▸ **WHAT NEEDS TO BE DONE**
In the copy, include every entry exactly but none of the images.

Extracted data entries

----

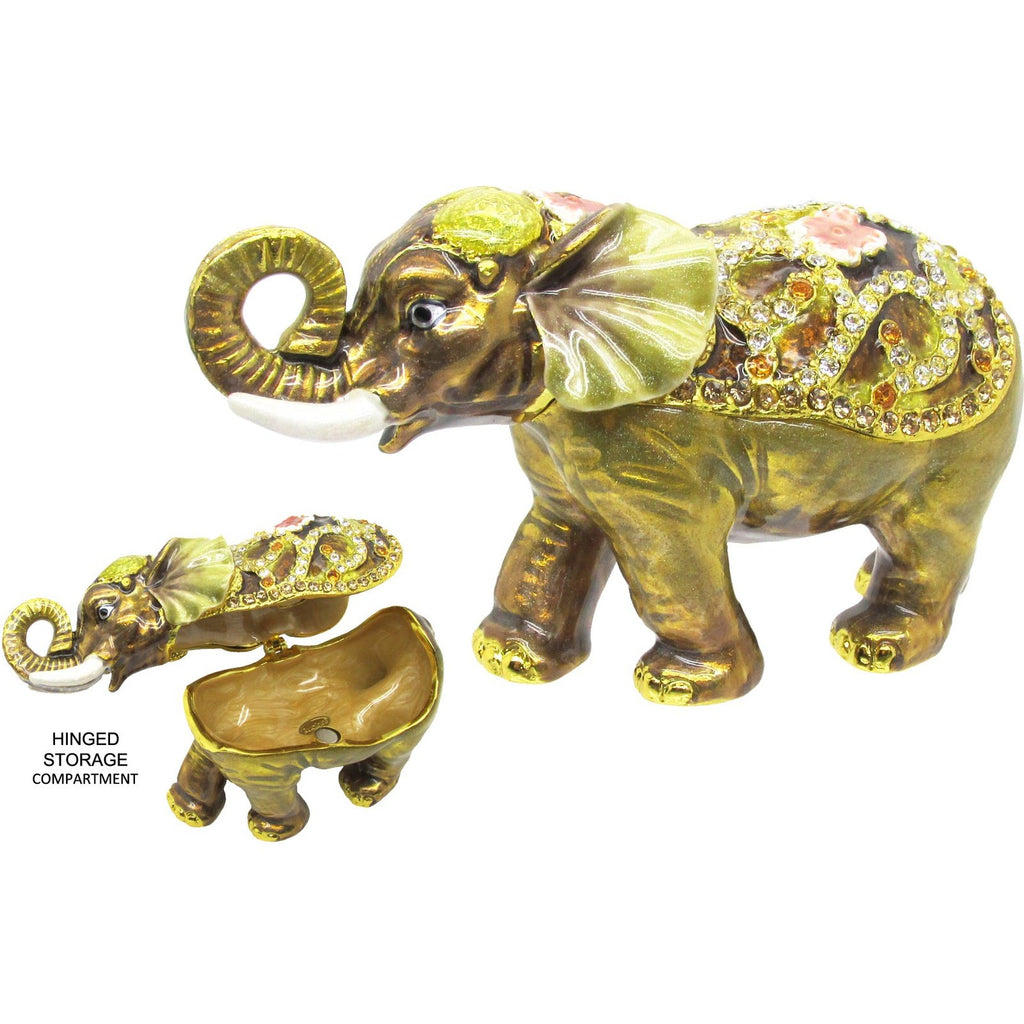 RUCINNI Floral Elephant Jeweled Trinket Box, Brown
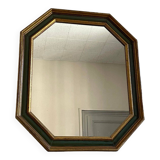 Gold and green wood frame mirror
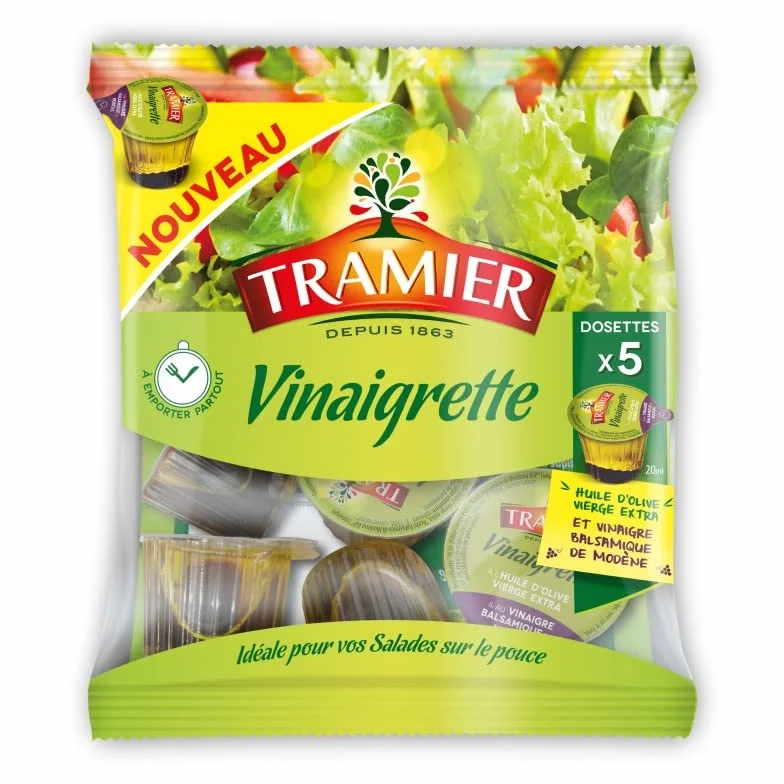 DOSETTES DE VINAIGRETTE 20ML X5, TRAMIER, LOT DE 4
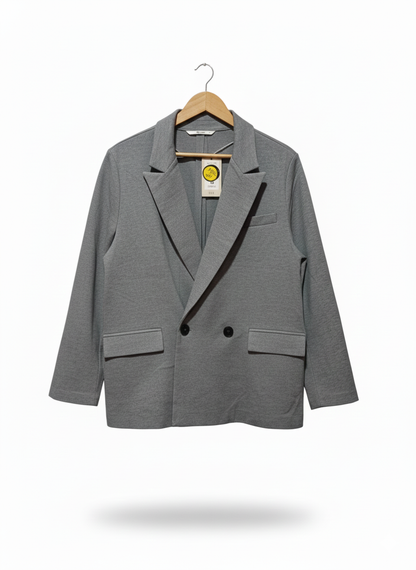 TU WOMAN |L|BUST 24| GREY JERSEY KNIT DOUBLE-BREASTED BLAZER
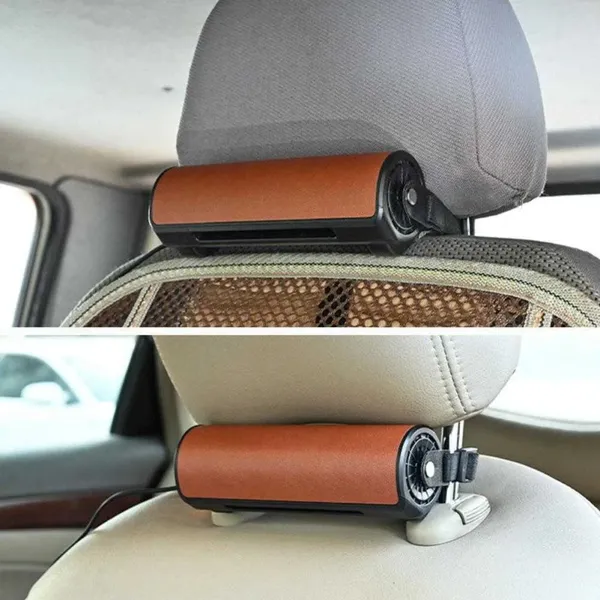 Nuevo Interior del automóvil Ventilador del reposacabezas trasero Enchufe USB Ventilador del asiento del automóvil Energía eólica Hasta bajo nivel de ruido Asiento trasero del automóvil Ventilador creativo Ventilador del automóvil de verano al por mayor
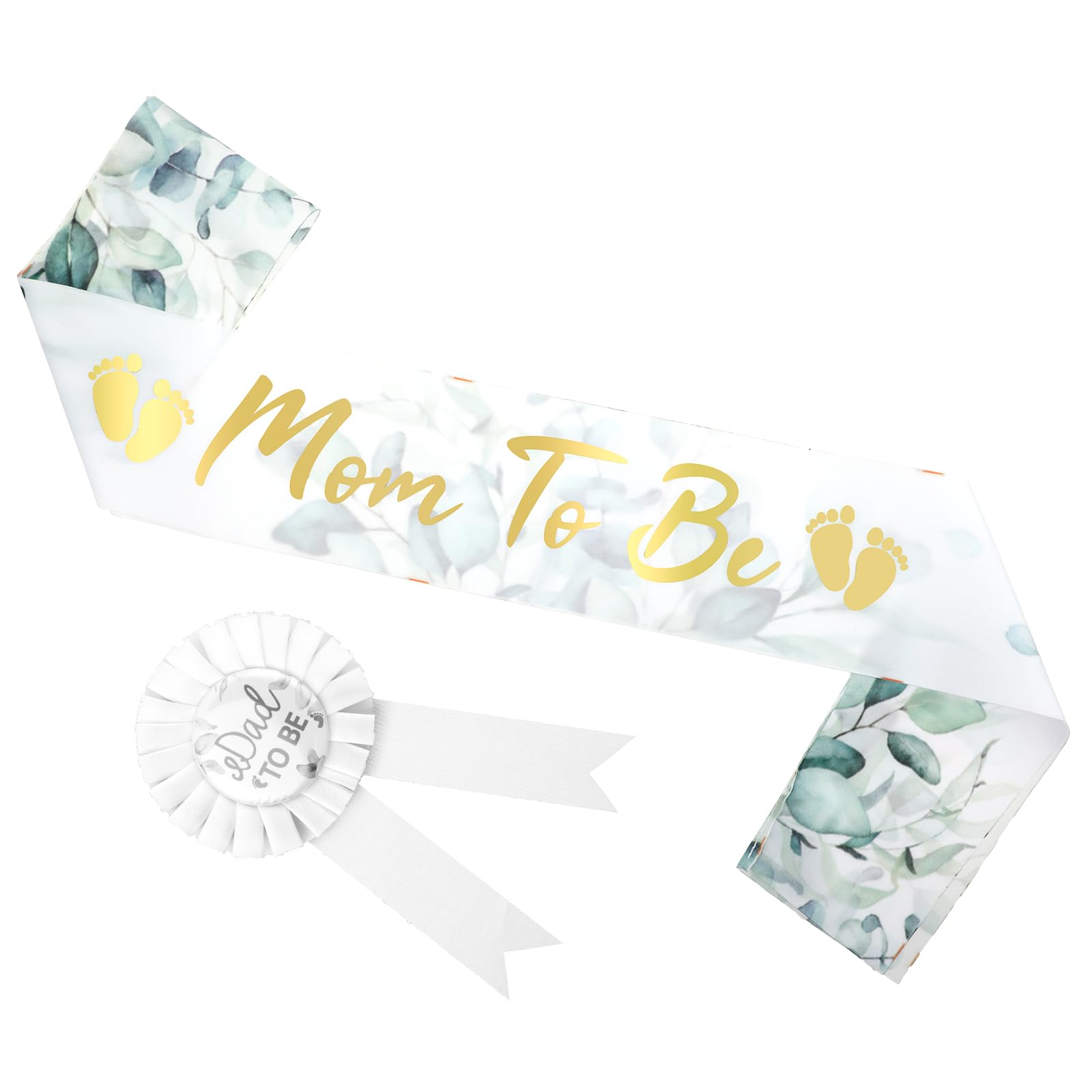 Neutral Green Mom to Be Sash Baby Shower Dad to Be Badge Pin Sash Corsage Cloth Belly Band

----

▸ **OUTPUT**
 RUCINNI Floral Elephant Jeweled Trinket Box, Brown
 Gold and green wood frame mirror
 DOSETTES DE VINAIGRETTE 20ML X5, TRAMIER, LOT DE 4
 TU WOMAN |L|BUST 24| GREY JERSEY KNIT DOUBLE-BREASTED BLAZER
 Nuevo Interior del automóvil Ventilador del reposacabezas trasero Enchufe USB Ventilador del asiento del automóvil Energía eólica Hasta bajo nivel de ruido Asiento trasero del automóvil Ventilador creativo Ventilador del automóvil de verano al por mayor
 Neutral Green Mom to Be Sash Baby Shower Dad to Be Badge Pin Sash Corsage Cloth Belly Band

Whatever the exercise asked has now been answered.